Residents take stock along the Meramec | St. Louis Public Radio

Residents take stock along the Meramec

Jan 1, 2016

Floodwaters are continuing to recede along the Meramec River, and emergency workers are taking stock of the damage. According to early estimates, as many as 1,000 structures had water damage in St. Louis County over the past few days. Personnel from the Department of Public Works, however, cautioned that the number will likely change.  

In downtown Eureka, volunteers and residents helped clean up homes and businesses on New Year’s Day, as Dumpsters lined the main street.

“I’ve got a boiler in the basement that was underwater for a couple of days,” said Mark Antonacci, an attorney and author whose law firm took on water up to the first floor. “I’ve got 30 years’ worth of notes and materials that are paper products, conference proceedings, that I’ve got to throw out.”

What matters, Antonacci said, is that everyone got out safely. "This 150-year-old town is no stranger to floods and will bounce back quickly.  

"This set us back a month, a few weeks, something like that. Joe Boccardi’s been on that corner since the ’60s,” Antonacci said.

Friends and family helped clean up Mark Antonacci's Law Office in downtown Eureka on new Year's Day. The office took on about a foot of water on the first floor, and the basement flooded completely.
Credit Durrie Bouscaren | St. Louis Public Radio

Among the communities along the Meramec River, Eureka was particularly hard hit in this record-breaking flood: 72 homes, 39 businesses, and 12 city facilities were damaged, said Mayor Kevin Coffey.

“We were prepared for a record flood — the levels of ’82. But we went more than three feet over 1982,” Coffey said.

In a 24-hour period, the flood forecasts got higher and higher, and Coffey realized Eureka would take a hit—and put out a call for sand bags.

“In that amount of time we got 22,000 bags filled. And we got them stacked up in front of businesses. In a lot of spots it overcame those bags, because the flood was just too large,” Coffey said. “In over 150 years as a town, we had never seen anything even close to this.” 

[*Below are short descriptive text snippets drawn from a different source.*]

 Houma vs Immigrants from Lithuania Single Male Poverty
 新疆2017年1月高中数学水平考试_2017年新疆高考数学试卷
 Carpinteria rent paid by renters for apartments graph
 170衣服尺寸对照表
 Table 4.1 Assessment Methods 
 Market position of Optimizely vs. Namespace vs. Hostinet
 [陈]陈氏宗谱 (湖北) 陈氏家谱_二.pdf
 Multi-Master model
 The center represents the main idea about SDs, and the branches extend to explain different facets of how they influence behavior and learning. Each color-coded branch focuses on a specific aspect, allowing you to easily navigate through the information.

A carport next to Jeff Steinke's home, as seen from a kayak.
Credit Durrie Bouscaren | St. Louis Public Radio

In a cluster of homes next to the river, Jeff Steinke used a kayak to get into his tall, brick house on Friday. It’s built to take on high waters, and family members were able to move most of the furniture to higher ground. But he said cleaning up the basement and main level, which still had some water on Friday afternoon, will take a couple months.  

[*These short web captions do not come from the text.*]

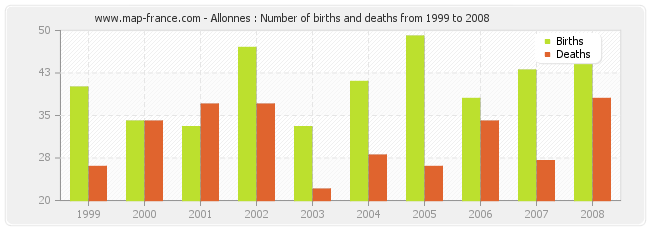 Allonnes : Number of births and deaths from 1999 to 2008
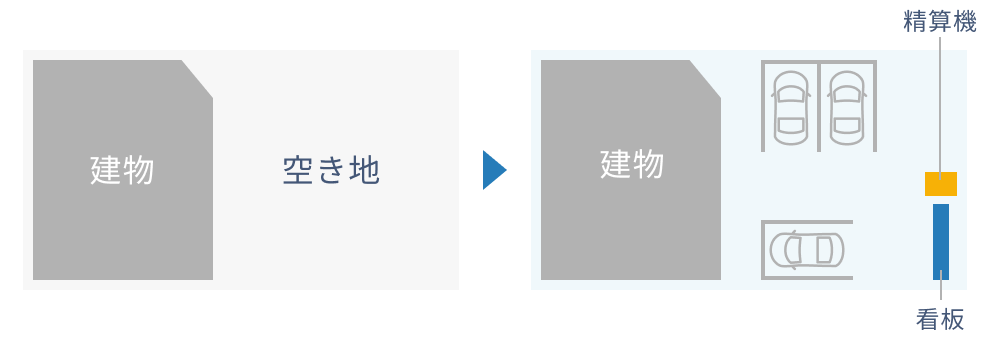 住宅地の空き地を“高収益スペース”に変える!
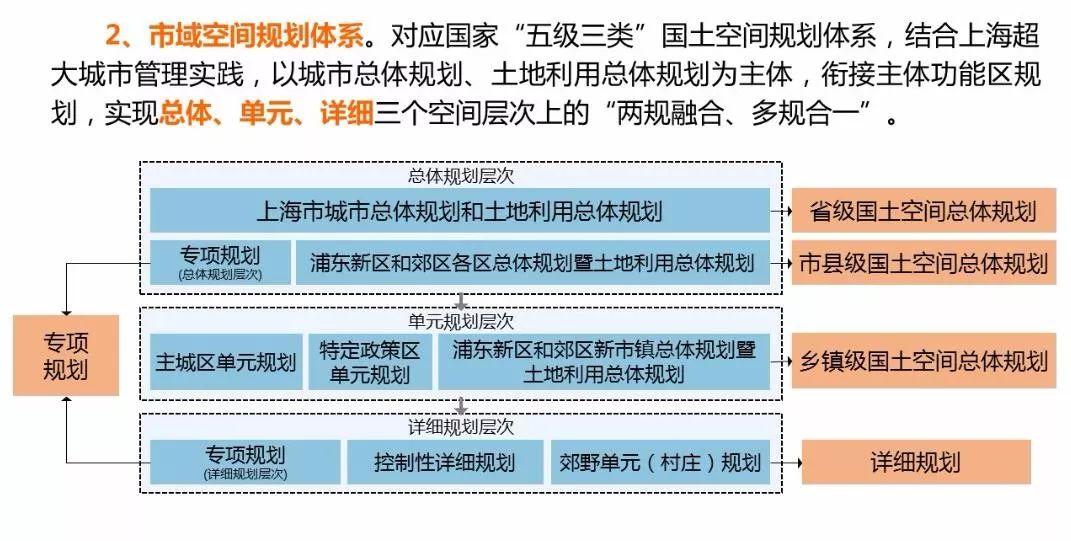 「新·案例 」“上海2035”的多规合一探索——国土空间规划工作现场会之一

Mark Steinke stands outside his home. On Friday, the driveway was still underwater.
Credit Durrie Bouscaren | St. Louis Public Radio

“Its life on the river. It’s great when it’s not flooding. And it’s mostly not flooding, so it’s a trade-off,” Steinke said. “Really, just stay away while people are cleaning up. It’s not a sideshow, it’s nothing to come down and see.”